DATASET CONTENT:
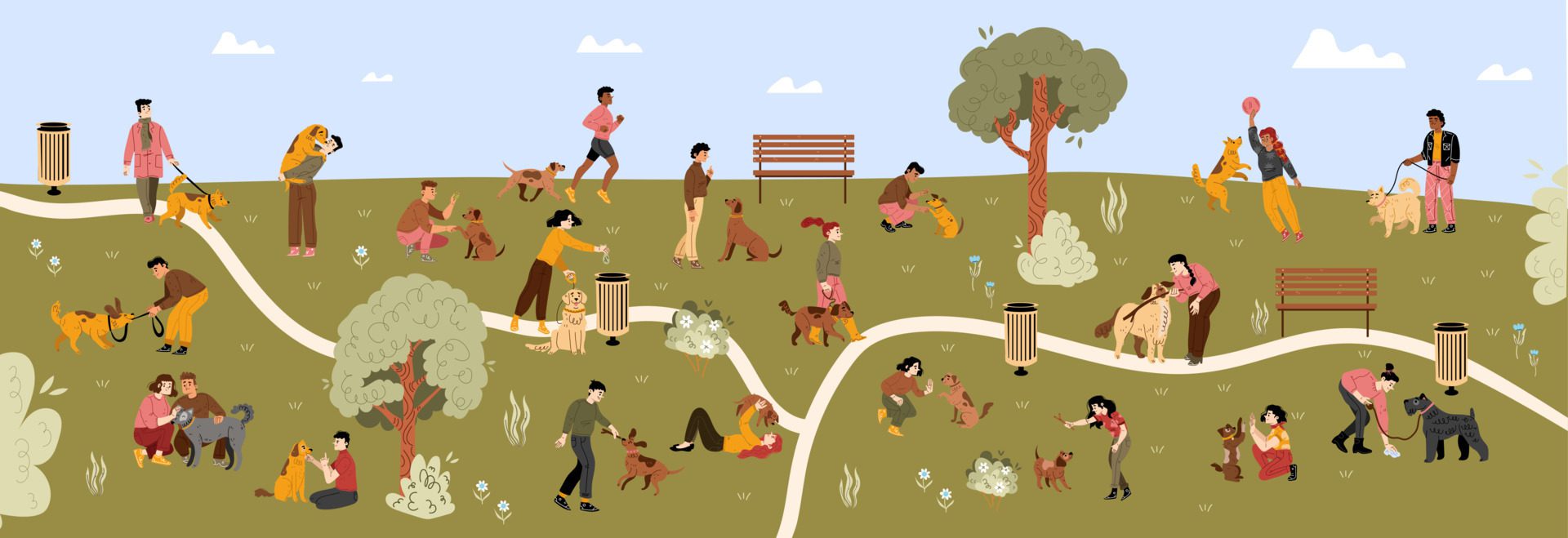 Dog park with people walking with their pets Free Vector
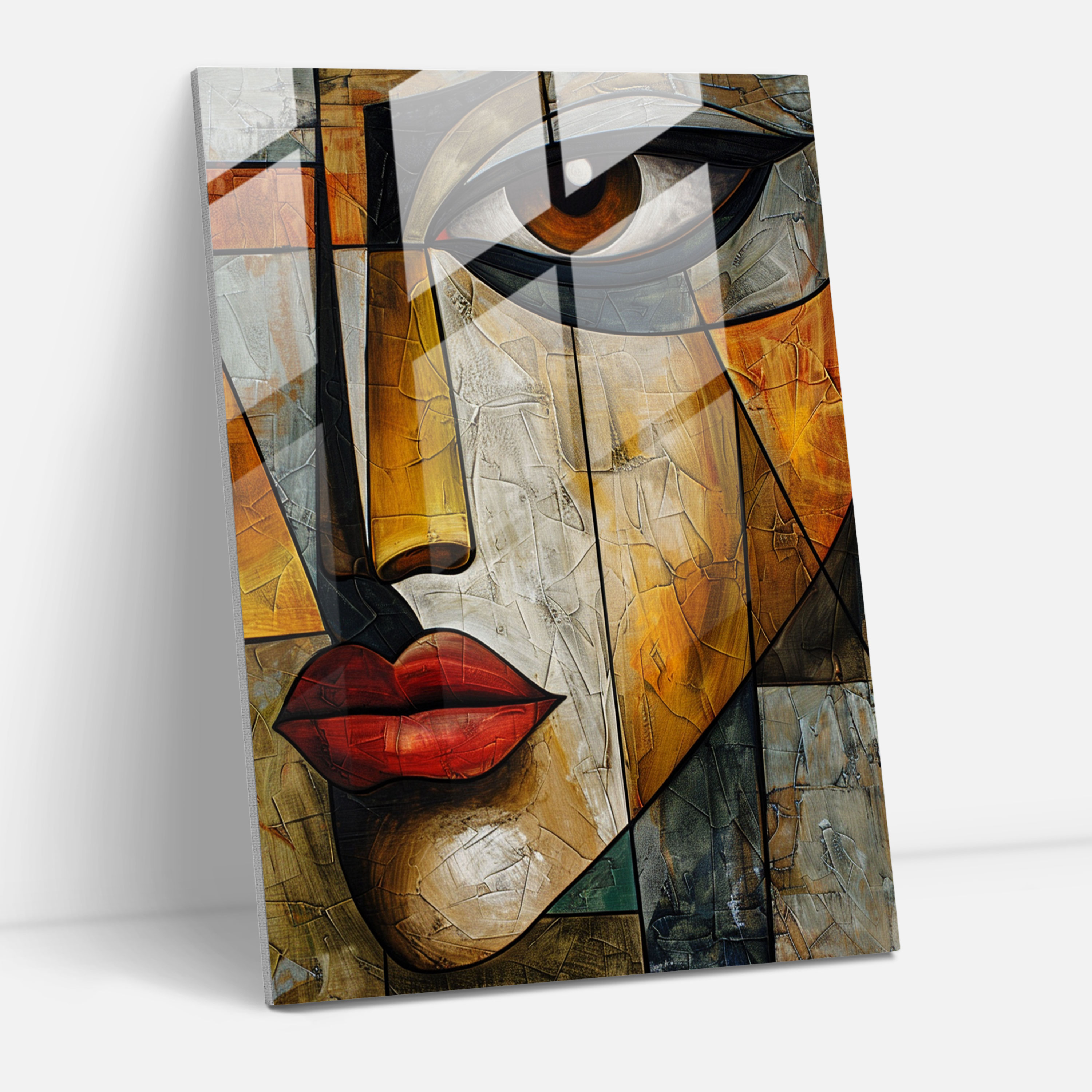 Distorted Portraits Cubism Wall Decoration - Cubism, Wall Decoration, Glass Print, Cubism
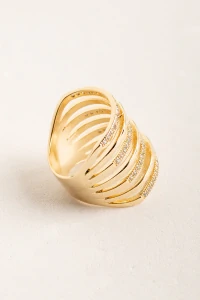 Anel Sete Voltas Zircônia Cristal Banho Ouro 18k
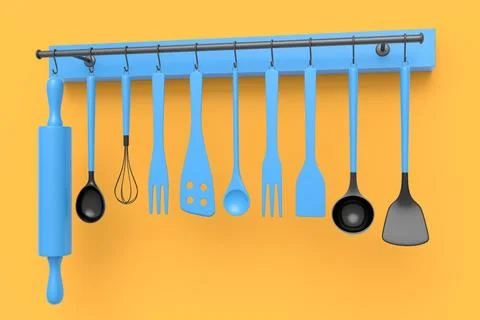 Set of kitchen utensil for preparation of dough hanging on shelf on orange Stock Illustration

EXERCISE REQUIREMENTS: With the line containing "Distorted Portraits Cubism" as the first line and the last line of the listing as the final one, reproduce that span exactly, without pictures.

EXERCISE RESPONSE:
 Distorted Portraits Cubism Wall Decoration - Cubism, Wall Decoration, Glass Print, Cubism
 Anel Sete Voltas Zircônia Cristal Banho Ouro 18k
 Set of kitchen utensil for preparation of dough hanging on shelf on orange Stock Illustration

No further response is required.